It gives me immense pleasure to be of some help to my younger mathematics teaching colleagues like Shruti Goel, Laly, Preeti Garg, Misha Nambiar, Rajendra Paliwal, and many others—across subjects and across schools.

But things weren’t always this way.


📘 The Indore Phase – Simplicity, Struggle, and Silent Growth

After leaving Mumbai in 1988, I served as a school teacher at Choithram School, Indore, till 1992. I even taught Grades 3 to 5 in a single session. Yet, the spirit was always high. I loved taking classes, creating activity sheets, and even wrote articles I mailed to U.S. education journals—long before emails were common.

If there was one shortcoming I admit, it was in checking large stacks of answer books. I often rationalised, “I’m a creative person, so it’s okay.” In hindsight, it wasn’t—but the honesty helped me grow.

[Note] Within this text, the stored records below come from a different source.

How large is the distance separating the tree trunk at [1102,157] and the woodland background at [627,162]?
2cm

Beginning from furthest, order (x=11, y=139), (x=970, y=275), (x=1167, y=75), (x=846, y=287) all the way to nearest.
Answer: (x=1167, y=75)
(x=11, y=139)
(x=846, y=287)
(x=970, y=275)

🔄 The Decade of Churn (1988–1997)

It was a whirlwind decade. Imagine this combination:

  • Ph.D. work in progress

  • Three job transitions

  • Tutoring assignments

  • Young children at home

  • My father's passing

  • Moving cities (including a stint at Pravara Nagar near Shirdi)

  • And other unspoken hardships

Through it all, one thing stayed steady: my commitment to becoming a better maths teacher.


💡 The Shift to Research-Driven Teaching

My time at Choithram School marked a turning point. I met Mr. Bramhdatt Tiwari, a trained school counsellor from Canada, who taught me to break maths teaching into three essential dimensions:

  • Conceptual clarity

  • Operational fluency

  • Problem-solving ability

This framework changed everything.

I also met Mr. Jiten Sharma—a friend, mentor, and to this day, a thought partner in building Moghe Education Consultancy into a meaningful educational entity.